=== PROBLEM DETAILS ===
A faithful transcription of all the data, images excluded, is the required answer.
Top of AVAILABLE DATA
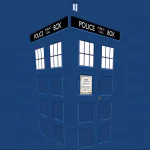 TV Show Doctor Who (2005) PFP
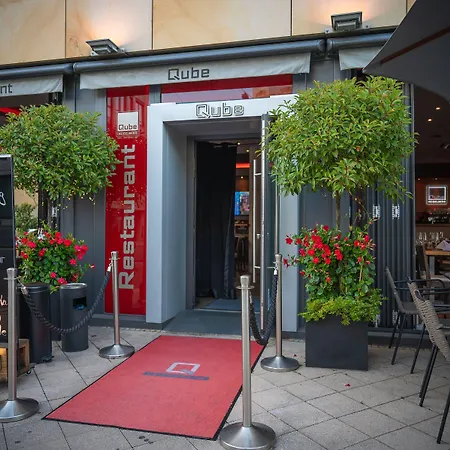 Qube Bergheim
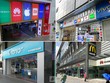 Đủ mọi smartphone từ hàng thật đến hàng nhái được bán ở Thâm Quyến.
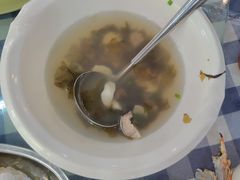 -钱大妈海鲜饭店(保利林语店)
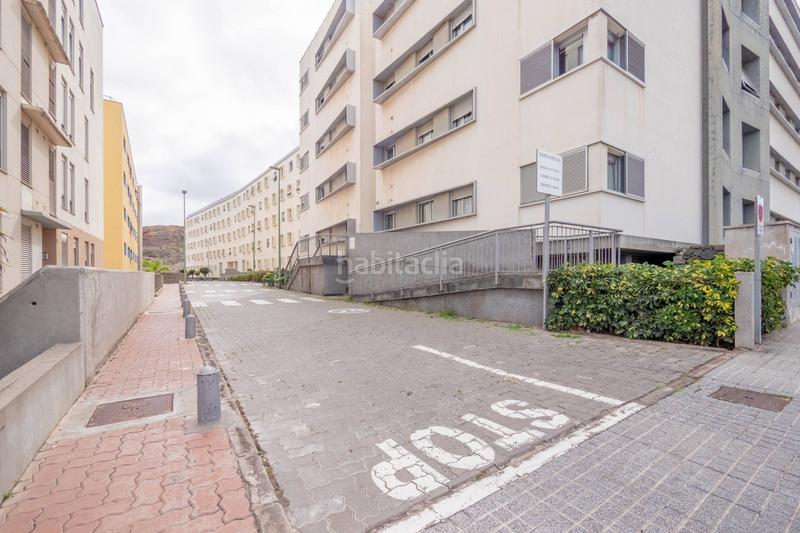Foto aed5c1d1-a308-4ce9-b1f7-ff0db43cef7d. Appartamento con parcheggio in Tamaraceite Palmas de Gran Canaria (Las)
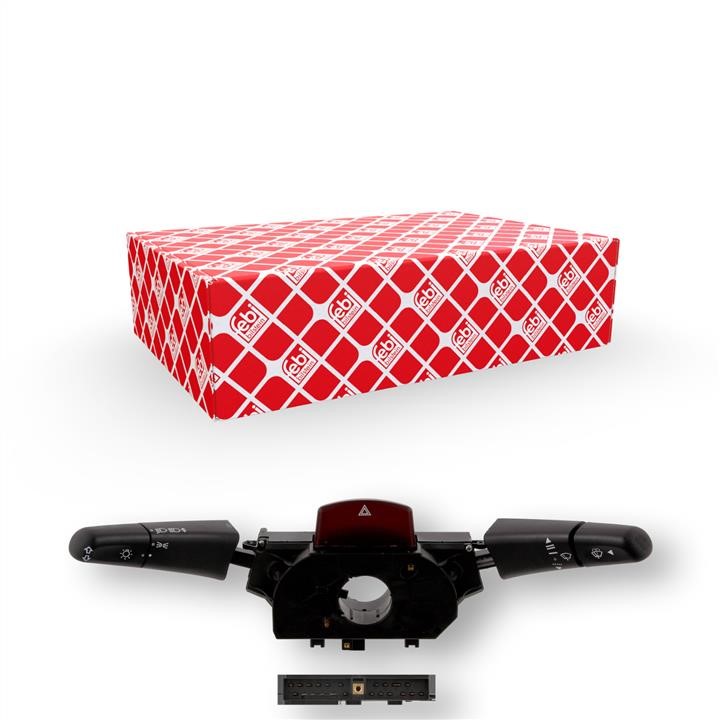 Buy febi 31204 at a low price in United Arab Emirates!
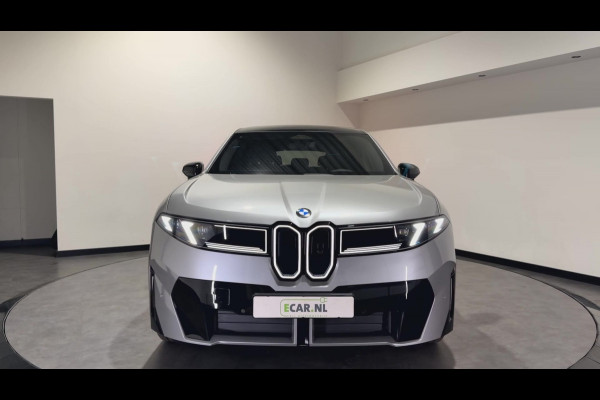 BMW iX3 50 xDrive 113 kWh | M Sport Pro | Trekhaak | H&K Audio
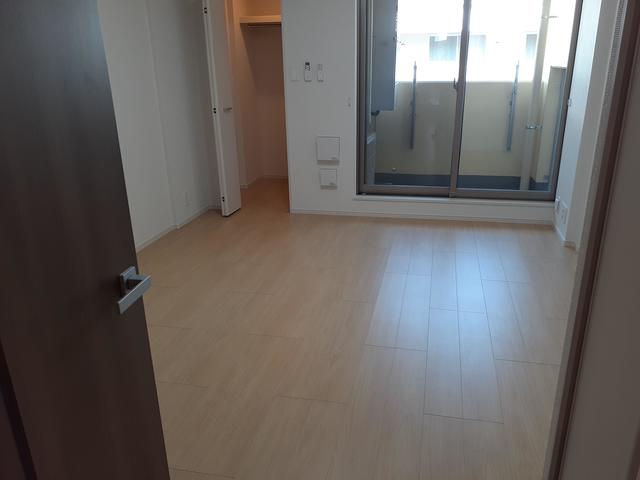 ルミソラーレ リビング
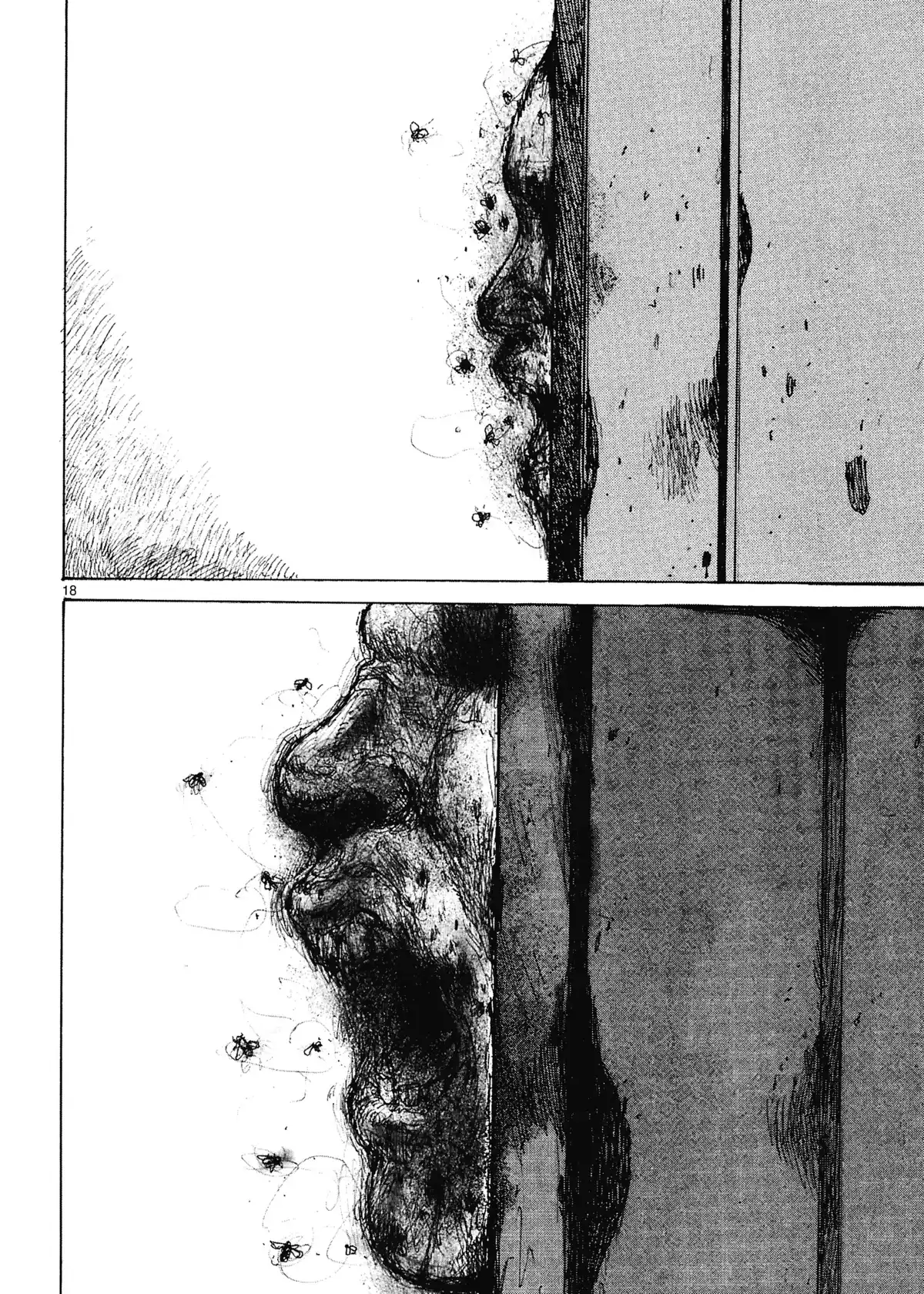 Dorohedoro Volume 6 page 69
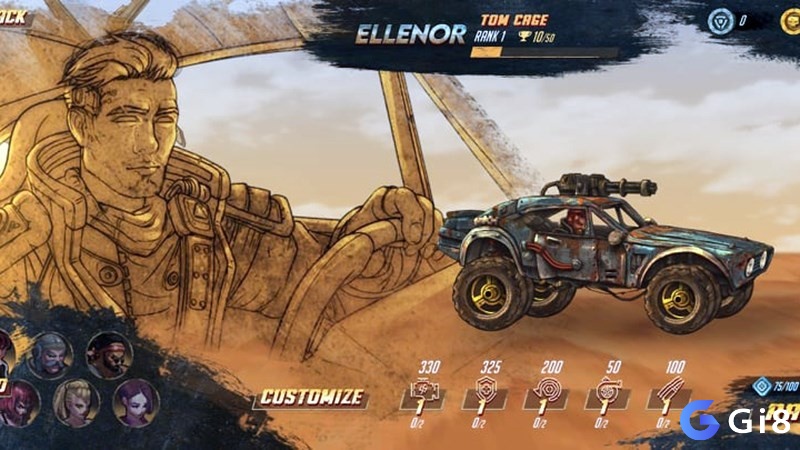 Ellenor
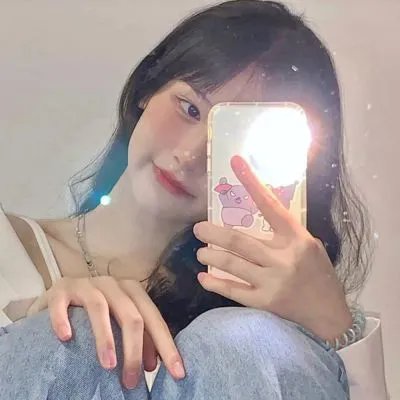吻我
Bottom of AVAILABLE DATA
=== OUTPUT FOR THIS TASK ===
 TV Show Doctor Who (2005) PFP
 Qube Bergheim
 Đủ mọi smartphone từ hàng thật đến hàng nhái được bán ở Thâm Quyến.
 -钱大妈海鲜饭店(保利林语店)
Foto aed5c1d1-a308-4ce9-b1f7-ff0db43cef7d. Appartamento con parcheggio in Tamaraceite Palmas de Gran Canaria (Las)
 Buy febi 31204 at a low price in United Arab Emirates!
 BMW iX3 50 xDrive 113 kWh | M Sport Pro | Trekhaak | H&K Audio
 ルミソラーレ リビング
 Dorohedoro Volume 6 page 69
 Ellenor
吻我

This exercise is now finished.